Veröffentlicht am 25. Juli 2015, 18 Seiten
Kategorie Kurzgeschichte
© Umschlag Bildmaterial: Andyhank
http://www.mystorys.de

Über den Autor:

Der Alltagslyriker Andyhank (sprich: Ändihänk), mit bürgerlichen Namen "Andreas Hanke", zeichnet und schreibt, musiziert und komponiert, bastelt, kreiert, kocht und gärtnert. Humor ist sein liebstes Steckenpferd, was nicht immer bedeutet, dass alles, was hervorgebracht wird, auch lustig sein muss. Lassen wir Leser uns bezaubern von einer Denkweise der Dichtkunst, die nicht allzu oft anzutreffen ist, lassen wir Betrachter uns anstecken von ...
Auf den Hund gekommen

Auf den Hund gekommen


Auf den Hund gekommen „Das, und das, und das auch – könnt Ihr haben.“ Der kleine, aber stämmig gebaute Bursche legte seine unterm Arm getragenen Holzscheite dem Krämer in den Wagen. „Dies sind die letzten Stücke.
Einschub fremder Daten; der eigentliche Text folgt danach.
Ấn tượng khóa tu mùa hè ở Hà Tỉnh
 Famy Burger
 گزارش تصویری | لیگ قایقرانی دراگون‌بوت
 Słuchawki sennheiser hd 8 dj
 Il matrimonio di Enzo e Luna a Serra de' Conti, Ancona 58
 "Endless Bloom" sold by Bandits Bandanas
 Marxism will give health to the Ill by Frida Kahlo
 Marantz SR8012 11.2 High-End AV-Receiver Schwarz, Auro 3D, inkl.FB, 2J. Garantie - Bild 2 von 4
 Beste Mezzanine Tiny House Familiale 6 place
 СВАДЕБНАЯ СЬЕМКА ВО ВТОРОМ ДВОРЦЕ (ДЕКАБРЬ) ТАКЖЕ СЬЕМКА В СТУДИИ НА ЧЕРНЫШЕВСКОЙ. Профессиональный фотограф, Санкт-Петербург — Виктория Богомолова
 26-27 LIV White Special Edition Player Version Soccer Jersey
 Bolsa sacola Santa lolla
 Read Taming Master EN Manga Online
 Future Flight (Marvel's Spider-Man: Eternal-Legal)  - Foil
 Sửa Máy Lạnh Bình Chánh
Nur den Kupferdraht, den behalte ich. Der könnte was wert sein. Nicht unbedingt vom Gewicht her, aber vielleicht …“ Den Satz ließ er unvollendet. Der Krämer schüttelte nur mit dem Kopf. So einer war ihm noch nicht vorgekommen. Wollte nichts, brauchte nichts – schenkte ihm stattdessen etwas.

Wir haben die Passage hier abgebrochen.